President Trump announced last week that he will impose 10% tariffs on the 300 billion Chinese products remaining to be taxed as of Sept. 1.

In response to this and again showing that the Chinese Communist Party (CCP) does not respect the rules of the international monetary game, the Bank of China announced a historic and artificial drop in the value of its currency, the yuan, to try to cushion the impact of these new tariffs.

President Donald Trump already addressed U.S. farmers on Tuesday assuring them that the aggressive measures that China was taking against their country’s agriculture “will not hurt them” and that if necessary he will give them his support in 2020.

China does not respect the game rules

Experts explain that since China joined the World Trade Organization (WTO) in 2001, the Chinese Communist Party (CCP) has not respected the rules of the game.

Beijing has been systematically using the international market, under the complacent gaze of previous U.S. administrations and the European Union, to create an exponential growth of its economy to become the second world power, explains expert Michael Pillsbury in his book “The Hundred-Year Marathon.”

In this moment of bilateral relations between the two world powers, the Trump administration considers that Beijing has broken its last two promises.

Both were formulated during the meeting between Donald Trump and Xi Jinping, leader of the CCP, during the G-20 in Argentina in December.

The Chinese leader pledged at that meeting to buy an “amount of agricultural, energy, industrial, and other product from the United States to reduce the trade imbalance” between the two countries, a White House statement announced.

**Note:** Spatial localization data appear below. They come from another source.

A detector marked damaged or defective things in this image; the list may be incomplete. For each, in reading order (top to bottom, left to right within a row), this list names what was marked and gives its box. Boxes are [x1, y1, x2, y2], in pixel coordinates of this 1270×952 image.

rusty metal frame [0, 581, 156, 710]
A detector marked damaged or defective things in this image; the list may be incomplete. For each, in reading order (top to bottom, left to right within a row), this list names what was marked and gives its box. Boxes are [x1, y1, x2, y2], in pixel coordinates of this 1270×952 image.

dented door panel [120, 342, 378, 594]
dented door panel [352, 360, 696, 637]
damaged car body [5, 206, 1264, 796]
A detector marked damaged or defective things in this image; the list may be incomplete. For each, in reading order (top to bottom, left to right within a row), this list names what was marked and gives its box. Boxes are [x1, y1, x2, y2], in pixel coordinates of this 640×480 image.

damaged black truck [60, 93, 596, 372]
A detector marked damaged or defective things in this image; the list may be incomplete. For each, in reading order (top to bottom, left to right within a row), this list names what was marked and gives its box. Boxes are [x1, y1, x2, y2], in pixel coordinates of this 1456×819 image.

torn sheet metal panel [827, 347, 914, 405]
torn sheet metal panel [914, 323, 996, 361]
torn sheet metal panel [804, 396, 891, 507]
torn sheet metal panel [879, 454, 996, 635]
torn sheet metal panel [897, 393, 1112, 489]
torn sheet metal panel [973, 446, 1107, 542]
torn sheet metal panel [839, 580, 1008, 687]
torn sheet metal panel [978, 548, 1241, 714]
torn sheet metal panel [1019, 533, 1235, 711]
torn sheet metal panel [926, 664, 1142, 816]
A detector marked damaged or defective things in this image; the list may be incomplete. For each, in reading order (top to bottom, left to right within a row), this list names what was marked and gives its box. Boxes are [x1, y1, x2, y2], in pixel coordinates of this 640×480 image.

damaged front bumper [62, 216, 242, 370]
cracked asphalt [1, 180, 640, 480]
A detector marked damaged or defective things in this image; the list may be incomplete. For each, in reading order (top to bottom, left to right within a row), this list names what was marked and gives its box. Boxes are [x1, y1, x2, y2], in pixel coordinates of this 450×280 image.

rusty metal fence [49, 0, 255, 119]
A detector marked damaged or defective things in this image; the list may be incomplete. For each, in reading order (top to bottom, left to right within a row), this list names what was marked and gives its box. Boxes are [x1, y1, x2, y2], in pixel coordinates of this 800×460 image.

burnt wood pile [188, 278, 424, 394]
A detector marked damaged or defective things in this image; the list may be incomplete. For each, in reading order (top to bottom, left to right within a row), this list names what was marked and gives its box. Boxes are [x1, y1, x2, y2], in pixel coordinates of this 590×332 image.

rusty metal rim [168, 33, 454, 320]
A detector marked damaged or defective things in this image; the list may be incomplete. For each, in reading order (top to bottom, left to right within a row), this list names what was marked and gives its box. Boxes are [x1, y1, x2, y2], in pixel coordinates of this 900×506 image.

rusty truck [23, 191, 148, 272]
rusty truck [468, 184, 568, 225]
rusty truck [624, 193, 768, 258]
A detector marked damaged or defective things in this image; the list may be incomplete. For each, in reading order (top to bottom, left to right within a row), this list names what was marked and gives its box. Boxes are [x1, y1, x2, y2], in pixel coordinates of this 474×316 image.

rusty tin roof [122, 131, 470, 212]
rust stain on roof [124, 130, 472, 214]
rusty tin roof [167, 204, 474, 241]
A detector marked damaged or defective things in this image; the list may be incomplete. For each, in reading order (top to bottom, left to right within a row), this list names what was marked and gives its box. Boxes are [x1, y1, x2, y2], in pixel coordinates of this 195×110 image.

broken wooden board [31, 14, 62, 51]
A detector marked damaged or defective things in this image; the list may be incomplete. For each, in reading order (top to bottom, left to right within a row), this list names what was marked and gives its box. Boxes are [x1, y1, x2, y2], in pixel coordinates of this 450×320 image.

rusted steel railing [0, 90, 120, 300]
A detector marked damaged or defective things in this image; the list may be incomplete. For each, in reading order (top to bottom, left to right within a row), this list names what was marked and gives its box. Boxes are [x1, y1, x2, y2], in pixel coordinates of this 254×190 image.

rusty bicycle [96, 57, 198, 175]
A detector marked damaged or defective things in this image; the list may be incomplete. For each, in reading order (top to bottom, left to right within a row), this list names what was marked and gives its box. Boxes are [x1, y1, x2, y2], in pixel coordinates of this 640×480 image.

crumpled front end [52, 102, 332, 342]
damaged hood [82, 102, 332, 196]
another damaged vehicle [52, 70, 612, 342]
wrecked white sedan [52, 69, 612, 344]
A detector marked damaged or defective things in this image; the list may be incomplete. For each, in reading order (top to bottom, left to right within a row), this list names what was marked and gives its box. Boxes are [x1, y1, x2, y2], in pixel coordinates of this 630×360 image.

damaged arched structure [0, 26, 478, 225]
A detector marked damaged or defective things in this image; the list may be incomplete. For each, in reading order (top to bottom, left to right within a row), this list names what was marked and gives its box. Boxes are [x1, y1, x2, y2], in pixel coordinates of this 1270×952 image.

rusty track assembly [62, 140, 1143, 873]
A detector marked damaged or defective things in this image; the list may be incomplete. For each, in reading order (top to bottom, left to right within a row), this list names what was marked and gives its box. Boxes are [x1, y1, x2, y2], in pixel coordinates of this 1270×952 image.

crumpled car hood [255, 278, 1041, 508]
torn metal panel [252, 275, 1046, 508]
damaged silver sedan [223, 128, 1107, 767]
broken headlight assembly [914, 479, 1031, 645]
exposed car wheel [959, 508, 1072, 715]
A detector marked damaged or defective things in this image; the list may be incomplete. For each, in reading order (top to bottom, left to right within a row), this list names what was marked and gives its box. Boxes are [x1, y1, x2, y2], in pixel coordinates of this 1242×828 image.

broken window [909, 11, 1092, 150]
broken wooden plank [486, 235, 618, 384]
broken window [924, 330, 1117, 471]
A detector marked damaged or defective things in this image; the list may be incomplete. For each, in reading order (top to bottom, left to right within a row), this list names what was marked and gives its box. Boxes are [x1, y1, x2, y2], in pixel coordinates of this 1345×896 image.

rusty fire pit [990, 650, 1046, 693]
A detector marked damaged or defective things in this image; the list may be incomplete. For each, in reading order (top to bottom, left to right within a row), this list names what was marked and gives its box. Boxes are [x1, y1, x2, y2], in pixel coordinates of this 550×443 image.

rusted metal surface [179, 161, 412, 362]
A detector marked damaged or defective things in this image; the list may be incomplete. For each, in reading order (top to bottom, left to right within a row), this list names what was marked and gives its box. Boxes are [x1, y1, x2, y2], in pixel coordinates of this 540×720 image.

The statement also announced that Beijing was committed to controlling and reducing the amount of fentanyl, a destructive drug that is causing a serious health crisis, which enters massively into the United States from China.

Both promises have not been fulfilled. Experts quoted by the South China Morning Post said that given the lack of transparency of the Chinese economy and Beijing’s long history of not keeping its promises, monitoring compliance with commitments can be ‘painful.’

“In many areas, implementation will be extremely difficult, if not impossible,” said Stephen Olson, a former U.S. trade negotiator who is now a member of the Hinrich Foundation.

For this reason, they suggest changing the traditional WTO trade arbitration system, which procedures are long and have proven to serve the Chinese regime to avoid the consequences of its breaches for years, to a much faster and more agile system, snapback.

This unilateral verification system would make it possible to periodically review whether China is maintaining its side of any agreement.

Seven Deadly Sins of China

There are many reasons that the Trump administration claims to have for imposing tariffs on the Chinese regime.

According to White House adviser Peter Navarro, in an interview with journalist Chris Wallace on “Fox News Sunday,” the Chinese communist regime is guilty of seven deadly sins:

  1. Stealing intellectual property
  2. Forcing technology transfer
  3. Hacking to steal state secrets
  4. Unfair competition in the markets, forcing the closure of North American companies
  5. Granting huge subsidies to their companies, something prohibited by the WTO
  6. Exporting fentanyl, a potent illegal drug that has created an epidemic of death and addiction in the United States
  7. Manipulating their currency artificially

However, all these strategies that the Chinese regime has been using for 30 years could also have a perverse effect on its own economy, experts warn.

“A weaker currency could prompt wealthy Chinese to shift their money out of the country, as nobody wants to hold investments in a currency that is losing value. It could dampen the spending power of Chinese consumers at a time when Beijing needs them to keep buying to bolster economic growth,” The New York Times explained.